Ah, yes, just what the world needs: another war. And where has this one started? In the Caucasus between ever imperial Russia and a much smaller but ever feisty Georgia, which broke away from the old Soviet Union when it disunited.

The war is over South Ossetia, a province that in turn broke away from Georgia - and has been struggling for independence or some form thereof ever since. (North Ossetia remained part of Russia, South Ossetia did so only informally.) To many of us, Ossetia is a name about as familiar as Bosnia was in 1914 - before an Austrian grand duke was assassinated while touring its capital, Sarajevo. And tension began to mount.

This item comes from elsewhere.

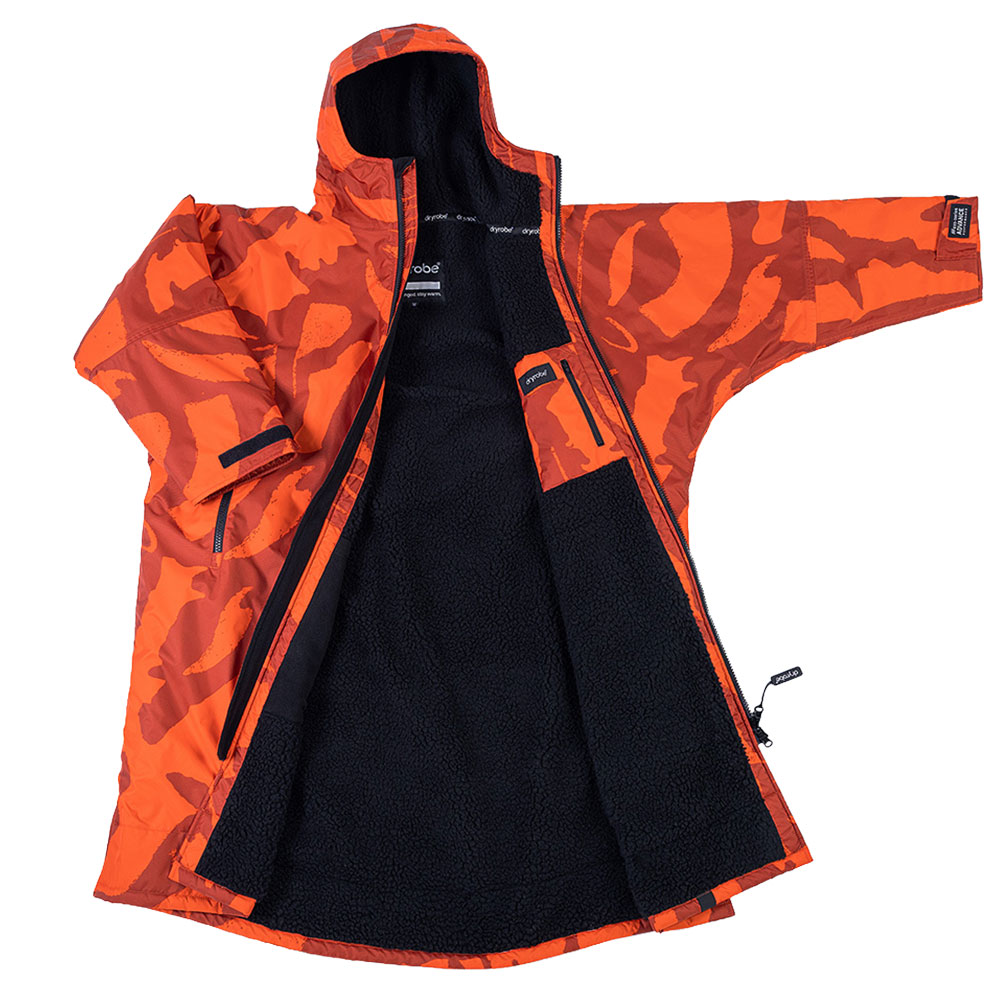 Dryrobe Advance LS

At first that, too, was going to be just a localized conflict, one between the Austro-Hungarian Empire and Serbia. The trouble was going to be ironed out by Europe's great powers in their collective wisdom. Each in turn moved to arbitrate, negotiate, fulminate and generally temporize before, alas, they mobilized. Result: an almost accidental world war, the first of two that made the last century man's bloodiest.

Madness, madness.

The moral of the awful story: Temporizing can be dangerous to the world's health. Fail to resolve a crisis soon, and the world could wind up fighting at length.

Now it's the world's powers - NATO, Washington, the European Union - that are moving to arbitrate, negotiate, take sides and generally dawdle while the bombs burst. Meanwhile, casualties mount, refugees flee, bodies litter the streets, and the communiques give conflicting versions of who was to blame.

Georgia begins to realize it has overplayed its hand by moving to regain its restive province. The Russians see their chance, if not to seize Georgia, then to overthrow its government. The Russians go marching through Georgia; the Georgians appeal to Washington for help. All concerned grow more belligerent. This Is Not Good.

Something needs to be done. Right Now. Like ensuring a cease-fire and getting the warring powers and representatives of those caught in the middle to start talking instead of fighting. Then a settlement might be worked out, as eventually it was in the Balkans when the Serbs, Bosnians, Kosovars, NATO and the Americans found themselves at war.

Someday the Ossetians could enjoy a kind of independence akin to that eventually won by Kosovo. But that is way down the theoretical road at this point. Let's hope it's not also a bloody road. Continued...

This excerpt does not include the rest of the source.